1. immediate type hypersensitivity reactions (reagin type with the participation of IgE interacting with mast cell receptors that secrete biologically active substances: histamine, bradykinin, prostaglandin, serotonin): anaphylactic shock, Quincke's edema, acute urticaria, etc. - vaccines, serums, local anesthetics, penicillin;

2. cytotoxic reactions (formation of antibodies to “drug + protein” complexes on the membranes of blood cells): thrombocytopenia, hemolytic anemia - penicillins, cephalosporins, quinidine, salicylates;

3. immunocomplex reactions (formation of immune complexes with the participation of IgM and IgG in vascular endothelial cells): vasculitis, alveolitis, nephritis, serum sickness;

4. delayed-type hypersensitivity reactions (formation of sensitized T-lymphocytes with the presence of antigen-specific receptors and the release of biologically active substances (lymphokinins) when drugs interact with them): Mantoux and Pirquet allergy tests, etc.

Classification of allergic reactions:

1. According to the intensity of clinical manifestations:

1. fatal (deadly): anaphylactic shock;

2. severe: Morgagni-Adams-Stokes syndrome - quinidine;

3. moderate severity: attack of bronchial asthma - aspirin;

4. lungs.

2. By time of occurrence:

1. acute (seconds - hours): anaphylactic shock, Quincke's edema;

2. subacute (hours - 2 days): thrombocytopenia;

3. slow or delayed (days): serum sickness.

Side effects of drugs caused by changes in the functional state of the body, occurs in patients suffering from diseases of any organs when drugs are prescribed in therapeutic doses (cardiac glycosides - arrhythmias in myocardial infarction; anticholinergics, morphine - acute urinary retention in prostate adenoma; in diseases of the liver and kidneys - various side effects).

Drug withdrawal syndrome occurs when a person suddenly stops taking certain drugs for a long time (clonidine - hypertensive crisis, propranolol, neodicoumarin, nitrates - deterioration of the patient's condition).

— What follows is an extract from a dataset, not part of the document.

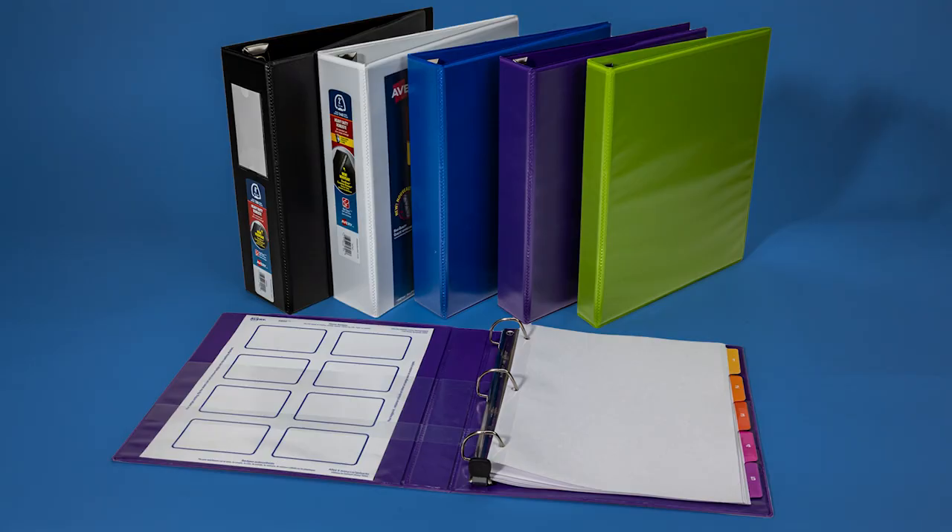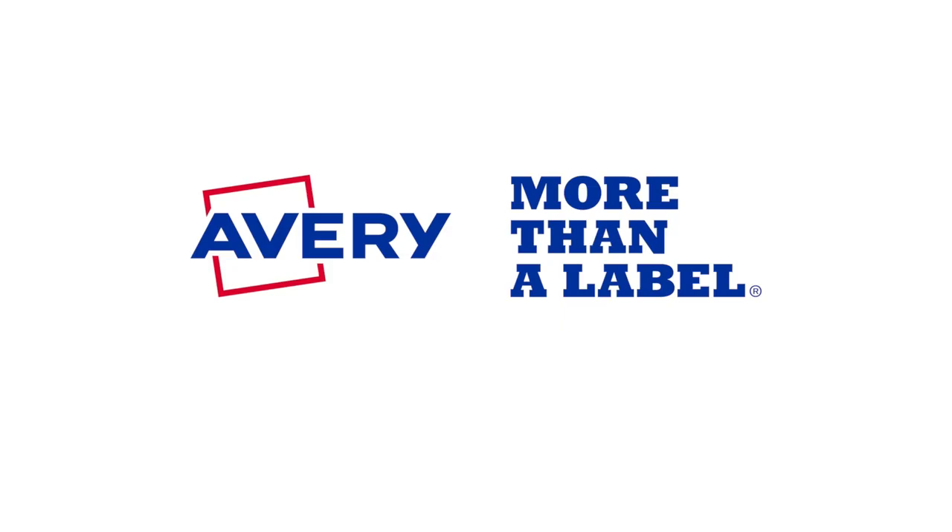Want heavy-duty performance? You need heavy-duty binders. Only from Avery. More than a label.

Steal syndrome is characterized by a parallel deterioration in the functional state of other organs or systems of the body along with an improvement in the condition of the main organ (chime - an attack of angina in atherosclerosis of the coronary arteries).

Rebound syndrome characterized by a change in the pharmacological effect to the opposite (urea - tissue edema).

Drug addiction characterized by a pathological need to take drugs.

There are mental and physical drug dependence.

Mental dependence - state , characterized by an unmotivated need to take any drug in order to prevent mental discomfort due to stopping taking the drug, but not accompanied by the development of abstinence.

Physical dependence - a condition characterized by the development of withdrawal syndrome due to cessation of taking a drug (psychotropic drugs) or after the administration of its antagonist. Withdrawal (withdrawal syndrome) is characterized by symptoms: anxiety, depression, loss of appetite, abdominal cramps, headache, sweating, lacrimation, sneezing, fever, goose bumps.

Drug resistance- a condition characterized by the absence of a pharmacological effect, even when a toxic dose of drugs is prescribed.

Paramedicinal action of drugs is not due to their pharmacological properties, but to the emotional, psychogenic reaction of the patient to this or that drug (replacing Corinfar with Adalat - dizziness, weakness).